The general bellowed with gleeful laughter behind her and she looked away from her screen. The computer was handling all the targeting at this range. "Wonderful! I shall take this weapon to the High Council!"

"Be sure to credit the jeghpu'wI' who came up with it," Brokosh mildly pointed out, gesturing in Norigom's direction.

"What?"

"Basic physics," the Nausicaan said. "High mass plus high velocity equals ouch. Hey, it worked on you jil'kresh during the Gorn War. That jinya on the HoSbegh never knew what hit him."

The general's expression darkened. "My grandson ... commanded that ship."

"Yeah, he died a warrior's death; what are you complaining about?"

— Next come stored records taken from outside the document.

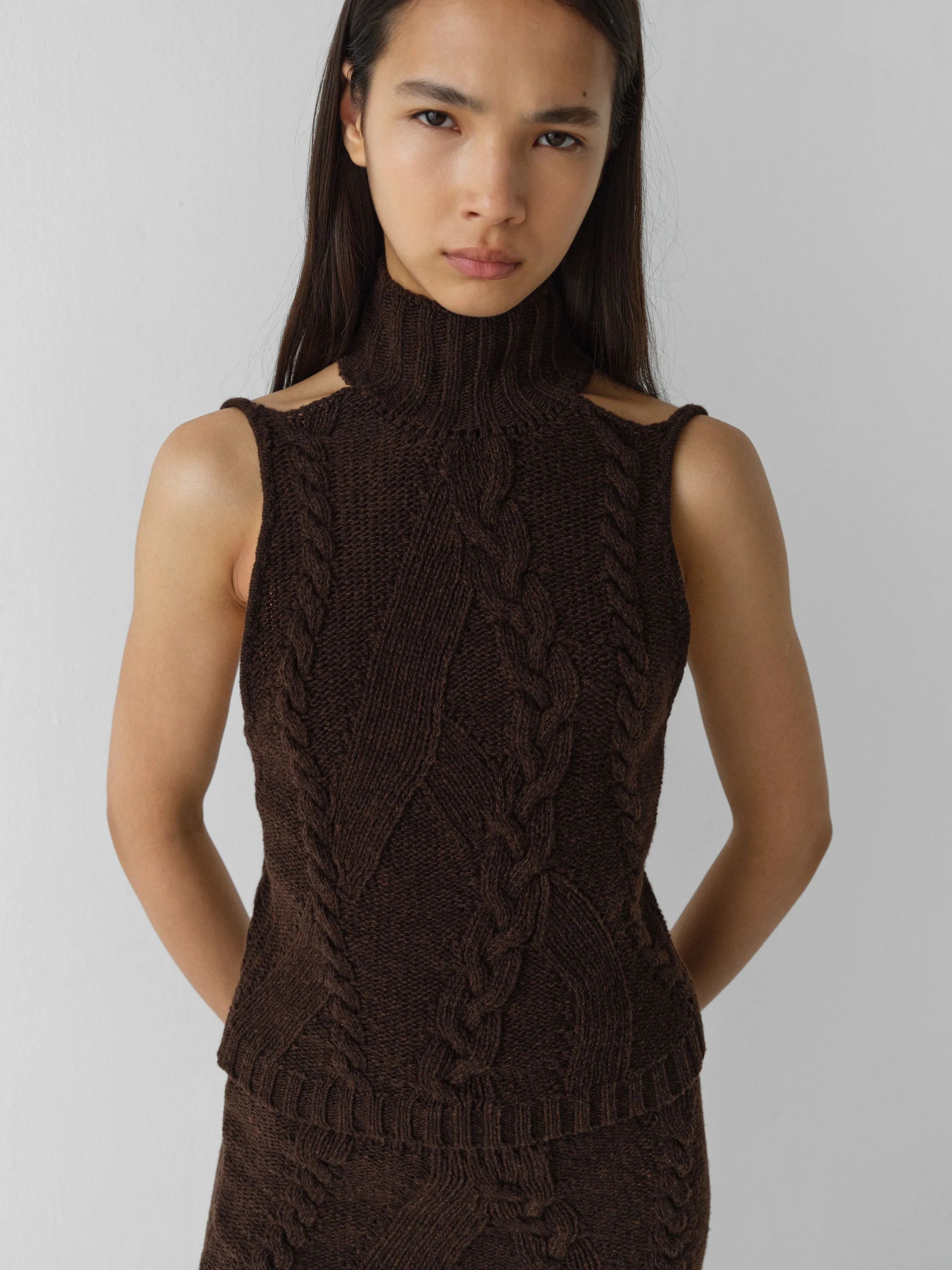 Julita Top sold by Gimaguas product image thumbnail 3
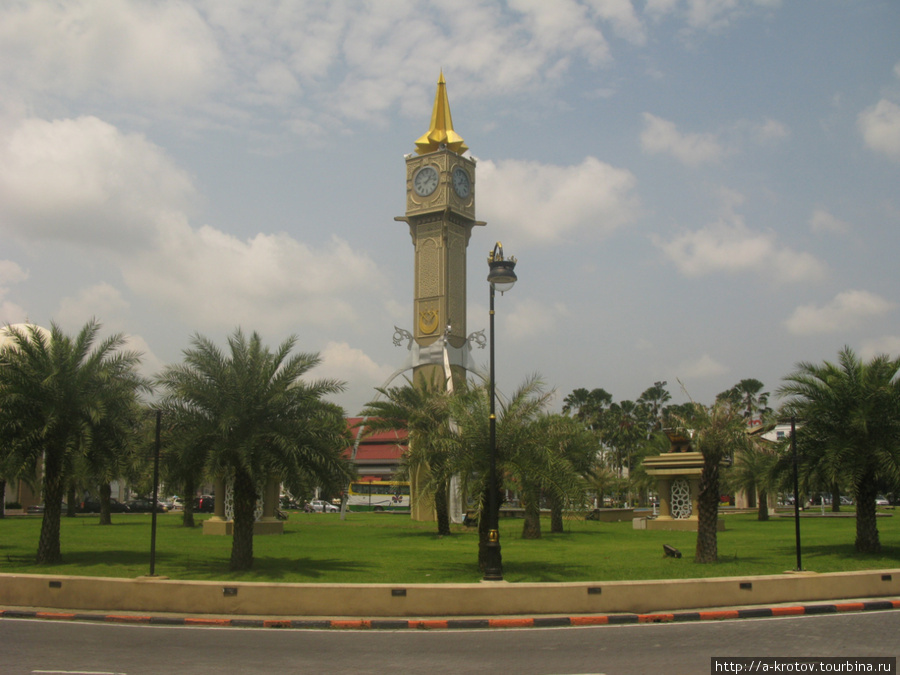 Кота-Бару, главная площадь с часовой башней и с Коранами Кота-Бару, Малайзия
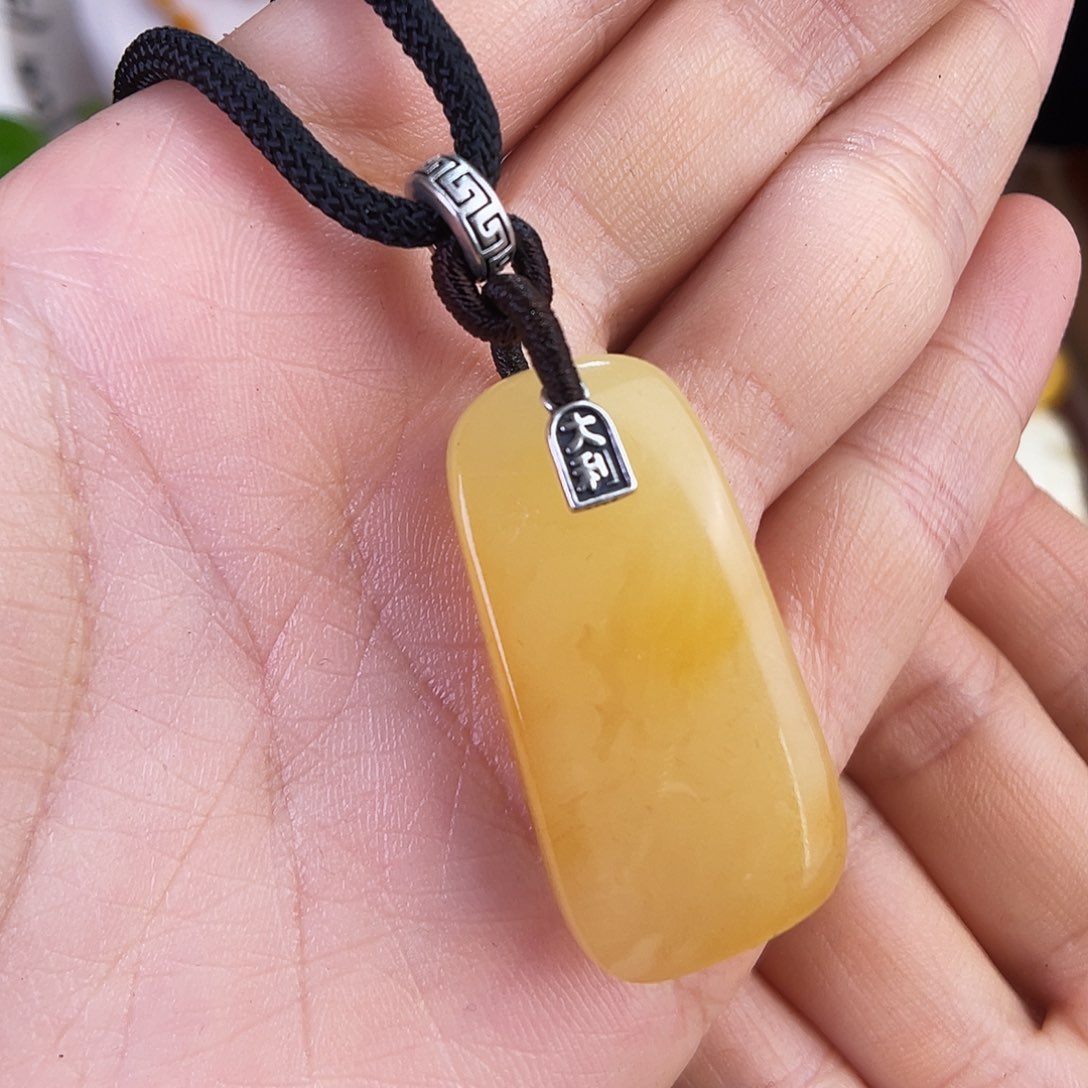 琥珀珠宝奇石未镶嵌，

Meromi and their wingman flashed through the formation of Peregrines, firing as she went. The already dim lights on the bridge dimmed even further for a moment as answering fire impacted the shields. She started to turn the ship for another pass. "Norigom," Brokosh said, "you will keep a civil tongue in that mouth when speaking to a superior officer or I will sew it shut. Do we have an understanding between us?"

"You don't pay me to talk pretty. Just because--"

"NORIGOM!"

"Yes, Captain." The Nausicaan meekly turned back to his screen.

"General, I respectfully request that if you have a problem with one of my officers that you take it up with me, and at some less hectic time."

"Captain," Ila'kshath said, "I have a Galaxy-class cruiser coming out of warp in sector four. Identifying. USS Abraham Lincoln, NCC-71187."

"Oh, brother," Brokosh groaned. "One of those carrier refits they did for the Dominion War. Meromi, try to disengage and take us after it."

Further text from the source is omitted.